Ces politiques et équipements gouvernementaux sont souvent déterminants lors de l'élaboration du schéma de comté et le gouvernement devrait se contraindre à un délai maximum pour la transmission de ces documents. Le gouvernement devrait faire parvenir ces documents dans un délai maximum de 4 ou 6 mois suivant l'adoption d'une résolution prévue à l'article 3 ou après l'entrée en vigueur d'une ordonnance prévue à l'article 4.

Là encore, il faut se rappeler que le gouvernement devra considérer sa propre capacité administrative à produire ces documents préalablement à l'émission des lettres patentes créant les corporations de comté renouvelées (art. 142 et 218).

6.4 Les avis de conformité

En vertu du projet de loi, des avis de conformité peuvent être émis par deux niveaux administratifs: La Commission Nationale de l'Aménagement (art. 189) et un fonctionnaire désigné à cette fin par le conseil de comté ou le conseil de la municipalité, selon le cas. L'on sait qu'un avis de conformité doit être émis pour établir — que le plan ou règlement d'urbanisme est conforme aux objectifs du schéma d'aménagement; — que tout règlement d'urbanisme est conforme au plan d'urbanisme; — que l'intervention gouvernementale projetée est conforme aux objectifs du schéma d'aménagement.

L'analyse de la conformité ou non des plans, règlements et interventions du schéma d'aménagement ainsi que des règlements au plan d'urbanisme doit relever d'un niveau administratif indépendant, selon le cas du gouvernement provincial ou du gouvernement local. De plus, cette analyse implique un jugement sur un acte professionnel. Le projet de loi est relativement confus en ce qui a trait — au fonctionnaire habilité à accorder ou délivrer un permis ou un certificat prévu au projet de loi (art. 200); — à l'adoption de plans et règlements par le conseil de comté ou le conseil de la municipalité s'ils sont réputés conformes (art. 36, 98); — au secrétaire-trésorier qui agit dans certains cas comme greffier du conseil (art. 39) ou selon un mandat non précisé (art. 42, 44, 67); — à l'analyse professionnelle et administrative nécessaire pour déterminer la conformité des règlements au plan d'urbanisme; la conformité des plans et règlements au schéma d'aménagement; la conformité des interventions gouvernementales au schéma de comté (art. 129); la conformité ou tout au moins la pertinence des règlements d'emprunts d'une municipalité ayant pour objet l'exécution de travaux publics (art. 69).

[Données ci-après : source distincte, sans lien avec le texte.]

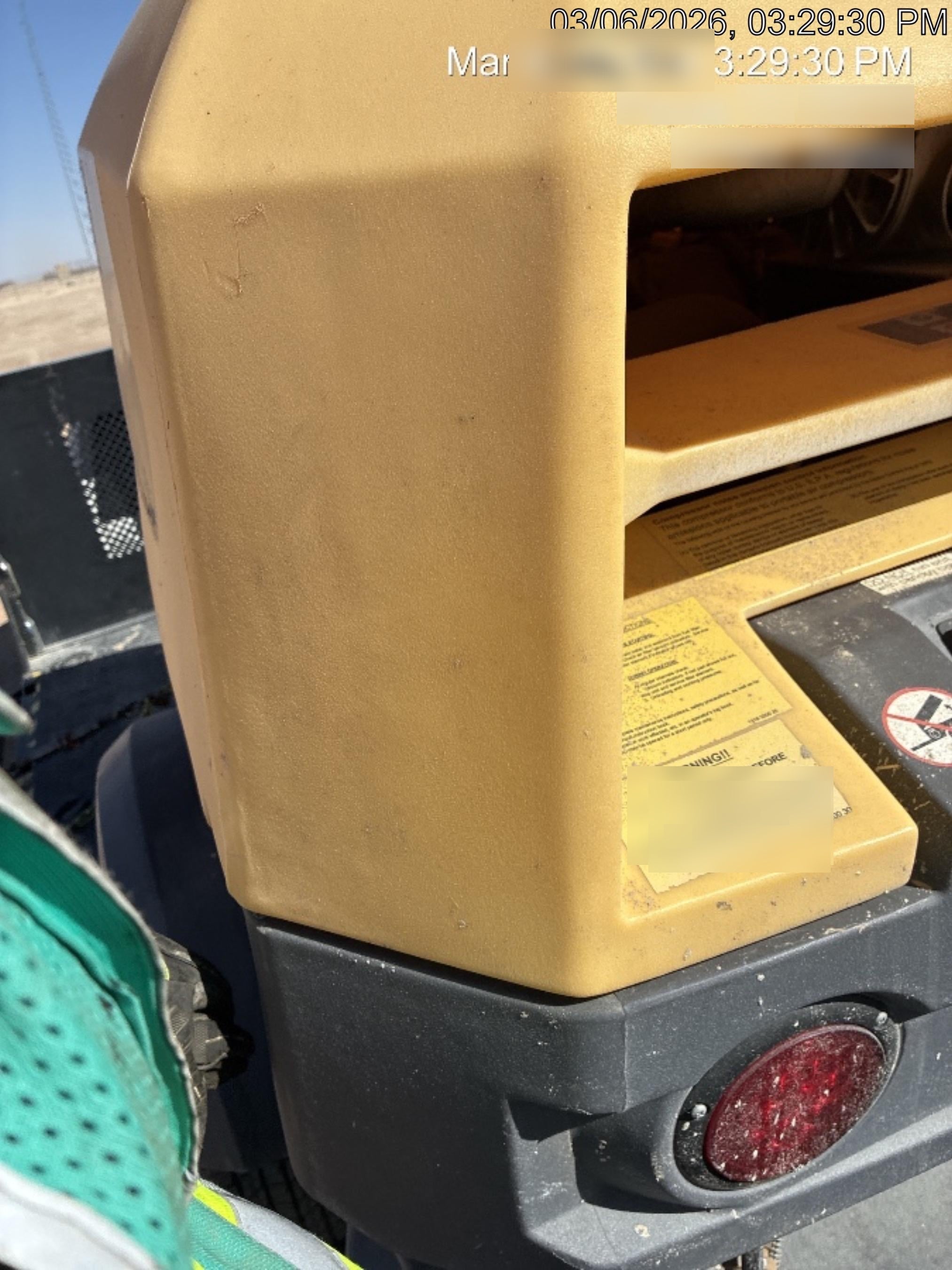 2020 ATLAS COPCO XAS188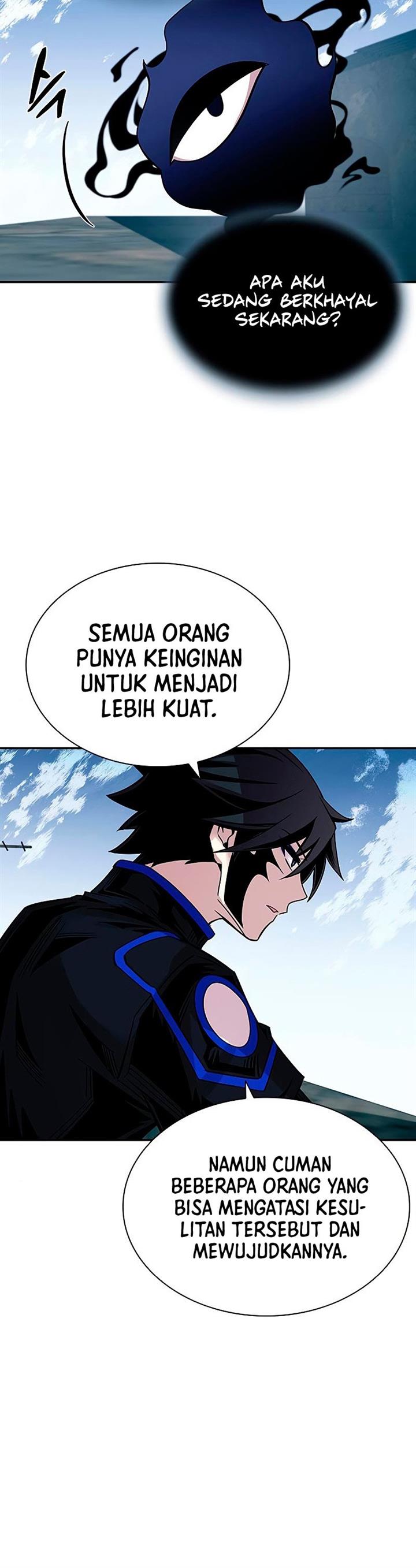 Villain To Kill Chap 66 - Next Chap 67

Le projet de loi devrait clarifier la valeur et la portée de ravis de conformité en établissant de façon légale les distinctions suivantes: — le rôle du conseil de comté et du conseil d'une municipalité qui est d'adopter les schémas, plans et règlements;

— le rôle du greffier ou du secrétaire-trésorier qui émet les documents officiels relatifs aux décisions officielles des conseils; — le rôle du directeur de l'aménagement et de l'urbanisme du comté qui est chargé de faire des recommandations aux conseils sur la conformité ou non des interventions, plans et règlements; de faire des recommandations aux conseils sur la conformité ou la pertinence des règlements d'emprunts (art. 69); de diriger les travaux nécessaires à l'élaboration des schémas d'aménagement, plans et règlements d'urbanisme.

Afin d'accorder la crédibilité nécessaire au rôle du directeur de l'aménagement et de l'urbanisme et compte tenu des avis de nature professionnelle que cet officier devra formuler, il est essentiel que le projet de loi précise que cette fonction devra être exercée par un urbaniste professionnel.